Внизу все так же молча стояла масса людей. Несмотря на поздний час и отсутствие освещения, в ней не чувствовалось угрозы.
Павлова повернулась к горничной гостиницы, которая помогала расставлять корзины и букеты цветов, привезенных следом за балериной из театра.
– Почему они стоят и молчат? Чего хотят?
Горничная улыбнулась:
– Мадам может не бояться. Люди просто не хотят нарушать ваш покой, мешать вам отдыхать, потому молчат.
– Мне выйти на балкон?
– Думаю, да.
Анна вышла, кусая губы, чтобы не заплакать. Приветственно помахала рукой. Вот теперь ей ответили шквалом аплодисментов и восторженных выкриков!
Немного позже, не в силах заснуть, Анна писала маме:
«А потом они начали петь свои песенки. Я не знаю шведского, но попыталась изобразить в такт несколько па. На балкончике тесно, это плохо удалось, но даже такая мелочь вызвала новую бурю восторга. Этих людей нужно было чем-то отблагодарить за их внимание и понимание. Они хотели меня приветствовать, но не решались нарушить мой покой, пока я сама не позволила это сделать.
Я вспомнила о корзинах, полных цветов, метнулась в комнату и потащила все на балкон. Горничная помогла, она подавала мне цветы, пока я бросала их вниз, таким образом отвечая на проявленную ко мне любовь…»
Дандре Анна написала несколько сдержанней, но не удержалась, чтобы не рассказать о молчаливой вежливой толпе и о поездке во дворец по приглашению короля Швеции.
«Королевская чета недавно отмечала золотую свадьбу, они полвека вместе! Какая прекрасная пара, особенно Его величество – благородная внешность и осанка, совершенно седые борода, усы и волосы, но молодой блеск в глазах…»
Подумала, писать ли о предупреждении Фацера, чтобы не задевала немецкую тему, решила не писать. Король Оскар и впрямь увлекался Бисмарком и немецким порядком, что не мешало ему писать совсем не маршевую музыку и полюбить танец русской балерины Анны Павловой.
О восторге молчаливой сначала толпы Павлова говорила и Михаилу Фокину:
– Ради такого стоит танцевать!
Жизнь была просто восхитительной, полной сюрпризов, подобных гастрольным! Казалось, так будет всегда.
Но это одна сторона ее жизни, а была вторая, в которой существовали тщательно скрываемые ото всех слезы.
Анна уже не была юной девчонкой, какой вышла из училища, ей исполнилось двадцать шесть – возраст для балерины вполне взрослый, да и для женщины тоже.
У нее было все – любимое дело всей жизни балет, было множество партий, даже созданных для нее (Фокин постарался), уже было признание пусть не во всей Европе, но хотя бы в Северной, была роскошная квартира, любимый человек… Миша создавал балеты «под Павлову» – «Павильон Армиды», «Египетские ночи», часть «Шопенианы»…
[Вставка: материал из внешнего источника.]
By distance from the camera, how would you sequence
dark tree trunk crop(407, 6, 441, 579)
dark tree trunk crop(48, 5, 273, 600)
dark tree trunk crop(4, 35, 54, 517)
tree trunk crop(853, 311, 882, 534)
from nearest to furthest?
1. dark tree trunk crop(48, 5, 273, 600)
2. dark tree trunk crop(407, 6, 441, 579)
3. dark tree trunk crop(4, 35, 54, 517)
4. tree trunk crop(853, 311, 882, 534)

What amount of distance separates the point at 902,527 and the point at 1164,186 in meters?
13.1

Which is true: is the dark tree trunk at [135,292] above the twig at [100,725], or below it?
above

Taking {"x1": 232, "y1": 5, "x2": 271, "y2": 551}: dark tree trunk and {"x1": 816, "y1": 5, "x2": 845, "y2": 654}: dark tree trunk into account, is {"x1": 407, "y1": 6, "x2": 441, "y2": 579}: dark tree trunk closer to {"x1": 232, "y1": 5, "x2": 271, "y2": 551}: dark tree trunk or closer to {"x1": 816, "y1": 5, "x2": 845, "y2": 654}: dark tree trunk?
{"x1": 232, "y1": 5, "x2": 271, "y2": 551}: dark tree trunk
Работы много, успех оглушительный, а она… скрывала от всех слезы.
Да, великолепная, божественная, неповторимая Анна Павловна почти каждый вечер в своем роскошном белом репетиционном зале плакала, стараясь не растирать слезы, чтобы не покраснели нос и глаза. Виновник ее слез предпочитал ничего не замечать, он по-прежнему жил на своей Итальянской, приезжал в театр с роскошными букетами цветов, а если не мог заехать, то присылал букет с запиской… Но в этих записках ничего не говорилось о том, придет вечером или нет. И сам барон Дандре ничего не обещал – не только жениться, но и быть вечером, заехать завтра или третьего дня. У барона Дандре своя жизнь, в которой балерине Мариинского театра божественной, неповторимой и очень успешной Анне Павловой место отведено определенное – на сцене, в белом репетиционном зале на Английском проспекте и иногда в квартире на Итальянской в качестве гостьи.
А она мечтала о том, чтобы Виктор стал хозяином рядом с ней где угодно, хоть в крошечной квартирке ее матери на Тамбовской.
Нет, тут Анна лгала сама себе, она уже привыкла к роскоши, к удобствам, дорогим подаркам, соответствующим туалетам, как и к вниманию и поклонению. К хорошему привыкают быстро, а к роскоши и того быстрей.
Анна привыкла, что все, чего бы она ни пожелала, сбывается, нужно только потрудиться. Была готова работать до седьмого или сто седьмого пота ради танца, нередко капризничая в остальном. К капризам приучил Дандре исполнением этих капризов.
Так и повелось – сбывалось и доставалось все, чего ни желала, кроме одного – замужества. А что не получается, того особенно хочется.
Так ли был нужен ей барон Дандре в качестве законного супруга? Анна любила его по-настоящему, как влюбилась с первой встречи, так и не желала замечать никого другого. И плакала у окна она по-настоящему. Но где-то внутри все же было понимание, что если он женится, то станет подкаблучником. Не потому, что сам таков, нет, – Анна добьется.
Но он не заводил разговор о женитьбе, и Анна отыгрывалась на остальном. Она откровенно капризничала – Виктор терпел, закатывала скандалы – уходил и сразу же возвращался с еще большими букетами и дорогими подарками.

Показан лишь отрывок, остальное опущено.